Modern systems can emit thousands or millions of metrics, and modern monitoring tools can collect them all. Faced with such an abundance of data, it can be very difficult to know where to start looking when you’re trying to diagnose a problem. And when you’re not in diagnosis mode, but you just want to know whether there’s a problem at all, you might have the same difficulty. What are the truly key KPIs coming from your systems?
I’ve written extensively about this before, but this time I want to direct your attention to other people’s opinions, not mine. Specifically, some of the smartest performance experts know of: Brendan Gregg and Tom Wilkie. These two have coined acronyms—USE and RED respectively—that are easy to remember, and provide good high-level guidance for system observability.
Brendan Gregg’s USE Method
USE is an acronym for Utilization, Saturation, and Errors. Brendan Gregg suggests using it to get started quickly when you’re diving into an unknown system: “I developed the USE Method to teach others how to solve common performance issues quickly, without overlooking important areas. Like an emergency checklist in a flight manual, it is intended to be simple, straightforward, complete, and fast.”

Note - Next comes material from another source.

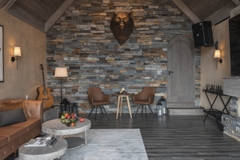 NHÀ CỦA GẤU – BEAR’S HOUSE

A summary of USE is “For every resource, check utilization, saturation, and errors.” What do those things mean? Brendan defines the terminology:
- utilization: the average time that the resource was busy servicing work
- saturation: the degree to which the resource has extra work which it can't service, often queued
- errors: the count of error events
This disambiguates utilization and saturation, making it clear that utilization is “busy time %” and saturation is “backlog.” These terms are very different from things a person might confuse with them, such as “disk utilization” as an expression of how much disk space is left.
Tom Wilkie’s RED Method
Tom Wilkie introduced this acronym in a talk on monitoring microservices in 2015. The acronym stands for Rate, Errors, and Duration. These are request-scoped, not resource-scoped as the USE method is. Duration is explicitly taken to mean distributions, not averages.
USE And RED: Two Sides Of The Same Coin
What may not be obvious is that USE and RED are complementary to one another. The USE method is an internal, service-centric view. The system or service’s workload is assumed, and USE directs attention to the resources that handle the workload. The goal is to understand how these resources are behaving in the presence of the load.
The RED method, on the other hand, is about the workload itself, and treats the service as a black box. It’s an externally-visible view of the behavior of the workload as serviced by the resources. I define workload as a population of requests over a period of time. I’ve spoken and written extensively before about the importance of measuring the workload, since the system’s raison d’etre is to do useful work.
Taken together, RED and USE comprise minimally complete, maximally useful observability—a way to understand both aspects of a system: its users/customers and the work they request, as well as its resources/components and how they react to the workload. (I include users in the system. Users aren’t separate from the system; they’re an inextricable part of it.)
I often refer to this duality as the "Zen of Performance," a holistic, unified system performance worldview I'm developing. It's work in progress!
Mapping USE And RED To Standard Terminology
USE and RED are convenient, and part of the reason they’re so valuable is that their atoms map directly to standard concepts that are core performance metrics:
- U = Utilization, as canonically defined
- S = Concurrency
- E = Error Rate, as a throughput metric
- R = Request Throughput, in requests per second
- E = Request Error Rate, as either a throughput metric or a fraction of overall throughput
- D = Latency, Residence Time, or Response Time; all three are widely used
To learn more about why these metrics are so fundamental to performance and observability, listen to Jon Moore’s talk on why API admission control should use concurrency instead of throughput. And, for further reading, consider my ebooks on queuing theory and the Universal Scalability Law.
In conclusion, if you’re unsure which metrics are most useful for both monitoring and diagnosis, USE and RED are great places to start.